Esa táctica de matar la tierra sin matar a la gente, se complementa con la instalación de tropas de combate que busca el control territorial por la vía de una guerra de desgaste psicológico mediante vuelos aterrorizantes de helicópteros, vigilancias desde drones, allanamientos masivos, gaseos y disparos en medio de la noche, tropas que se toman sus predios y destruyen sus enseres, golpizas a mujeres, ancianos y niños, detenciones arbitrarias y, por cierto, un generoso despliegue de fiscales, jueces, abogados y periodistas, disponibles para la noble causa de hacer mierda al mapuche.
El gobierno, este y los otros, saben que en el largo plazo el principal foco de conflicto potencial es la larga lucha que ha dado el pueblo mapuche enfrentado al Estado chileno. Lo saben las agencias de inteligencia de todo país que tenga intereses en este.
Y entonces han desplegado la estrategia de una guerra de baja intensidad en la que los efectivos de carabineros y de la Policía de Investigaciones, no solo ponen en práctica lo que aprenden en los campos de entrenamientos israelíes y norteamericanos, sino que afina sus propias teorías en el teatro de operaciones.
Para el efecto de imponer esa idea de guerra en el territorio mapuche, el Estado no solo cuenta con todo su andamiaje. Sabiendo cómo es de importante el factor humano, el Estado se ha procurado fichar entre las filas policiales a un gran número de sujetos cuya escasa capacidad cerebral los hace perfectos para el palo ágil y el gatillo ligero.
Ellos no lo saben, pero en sus roles de sicarios que parecen asegurar el orden público, cumplen con los planes de sus amos y de manera simultánea se envilecen hasta llegar a ser maleantes escondidos en la insignias y uniformes, capaces de matar, de torturar de humillar a gente pobre y desamparada.

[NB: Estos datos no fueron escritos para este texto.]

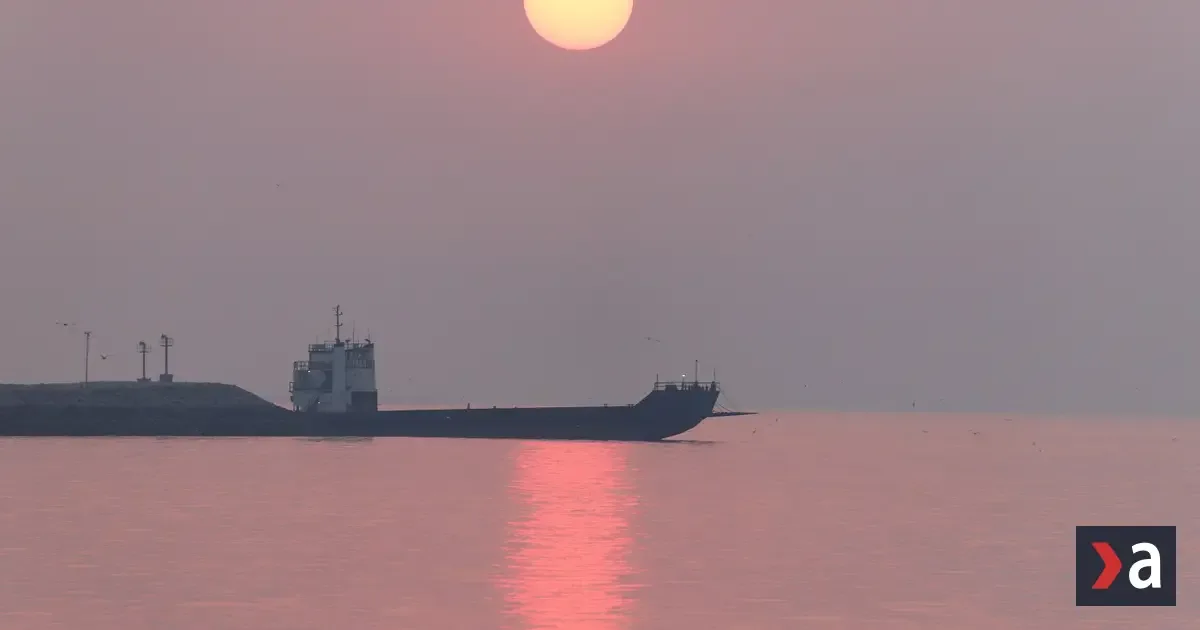Tanker v Hormuzskom prielive zasiahol mínu, na palube vypukol požiar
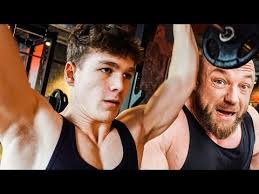 17 jähriger Marc Lange startet Muskelaufbau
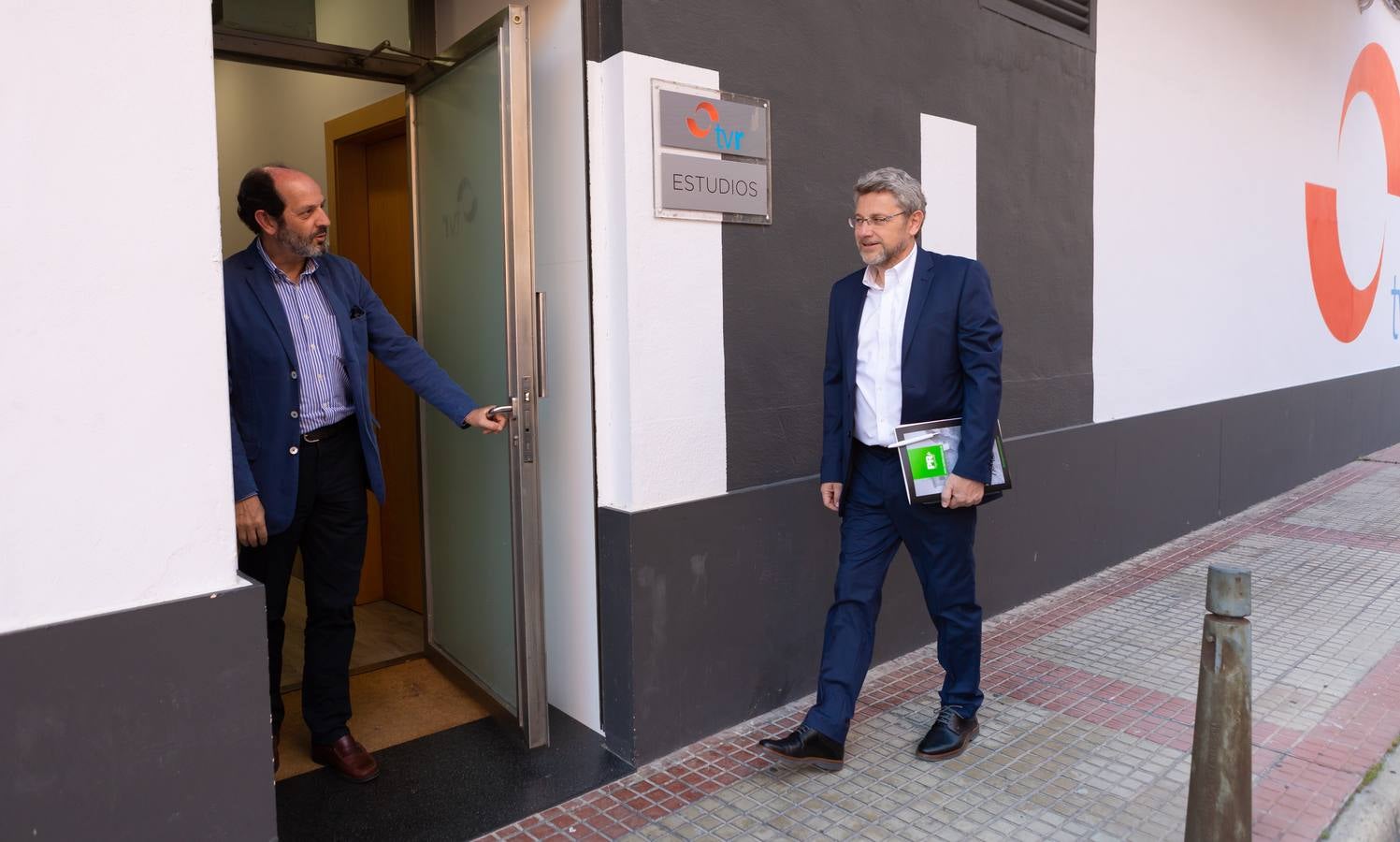 Fotos: La otra cara del debate de TVR de candidatos a la Presidencia del Gobierno riojano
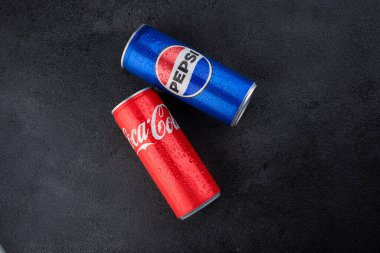  Soğuk bir Coca Cola, pepsi şişesi ya da üzerinde su damlacıkları olan metal bir kutu. Siyah arkaplan üzerine Coca Cola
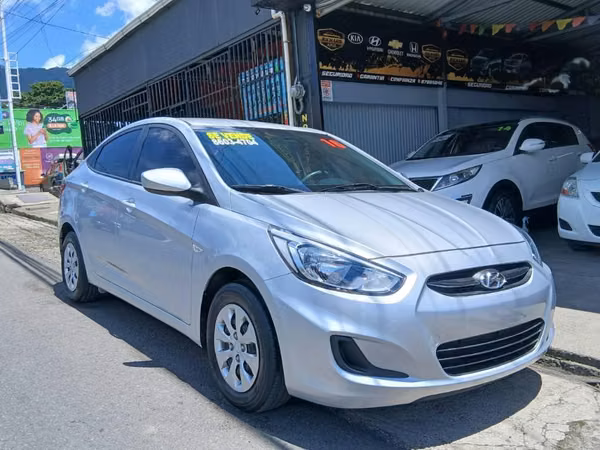 Hyundai accent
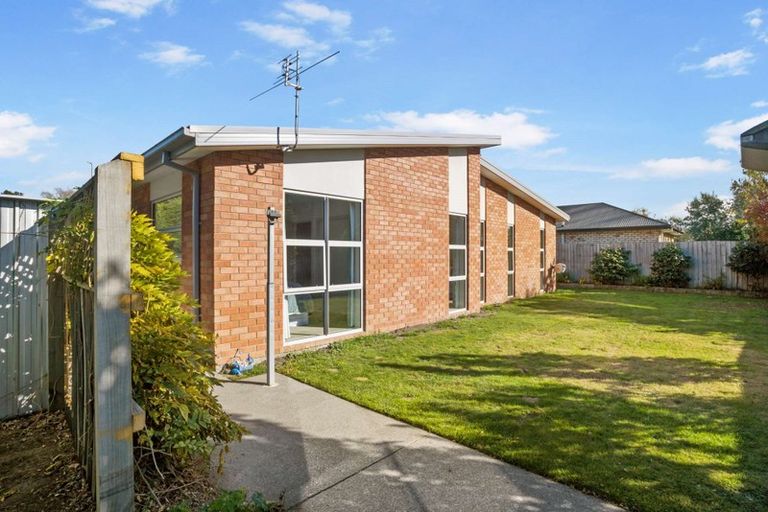 Photo of property in 79 Mokihi Gardens, Hillmorton, Christchurch, 8024
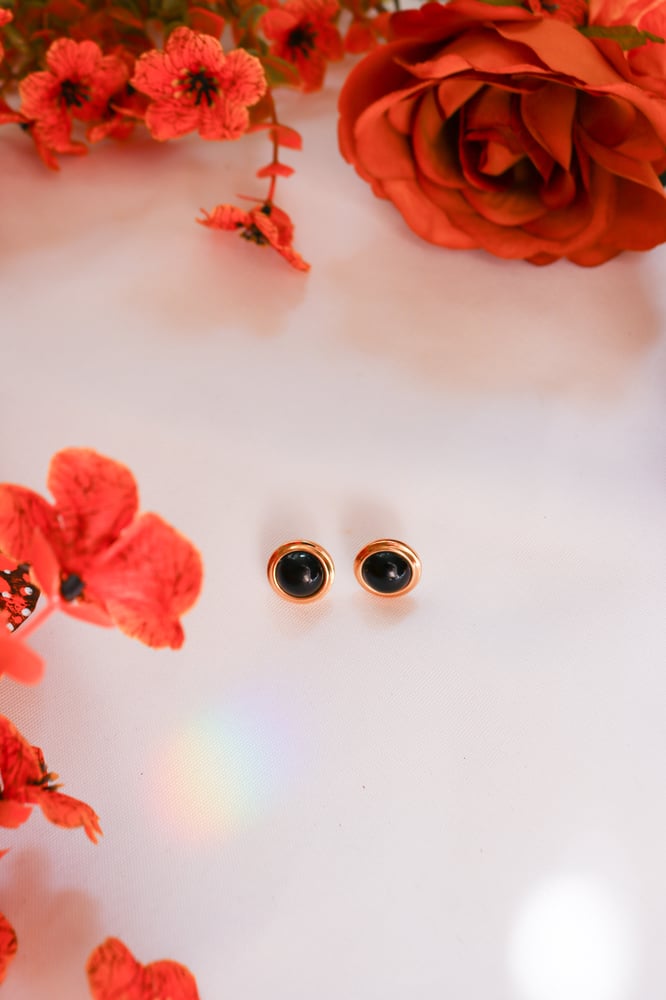 Image of Vintage Black Button Style Earring 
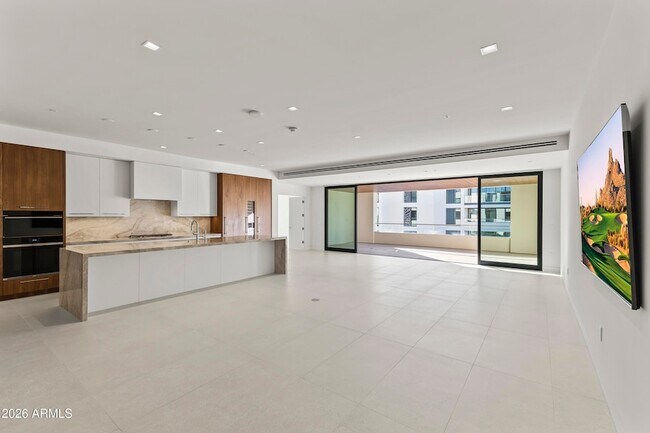 Foto del edificio - 6587 N Palmeraie Blvd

Gente como esa fue usada como carne de cañón durante la dictadura y pertrechados de la misma impunidad de ahora, llegaron a perpetrar crímenes escalofriantes.
Los responsables de tanta barbarie sin embargo, son quienes han aceptado sin mayor juzgar la estrategia de desgastar al pueblo mapuche por la vía de hacerles la vida a cuadritos.
Esta es, en primer lugar, la guerra de Michelle Bachelet Jeria.
Alguna vez la gente se vengará. De una u otra manera, aunque pase el tiempo, habrá una cegadora tanto como desinfectante venganza, único medio que tiene los pueblo oprimidos para acceder a trazas de justicia.
Las leyes, las instituciones y toda esa mierda, jamás va a poner las cosas donde corresponde: los criminales en el paredón y las víctimas del otro lado. La venganza sí.
Alguna vez se volverá la tortilla. Y cuando eso pase esperemos que desfilen ante el odio bien macerado de la gente que ha sufrido todo aquel funcionario racista que ha tenido que ver con todos estos largos años de abuso, castigo, humillación y saqueo.
Y a continuación, habrá que pasar la cuenta aquella piara de traidores que hace no mucho cantaban los himnos aguerridos anunciando el fin de los tiranos, y hoy se conforman con tararear El Galeón español.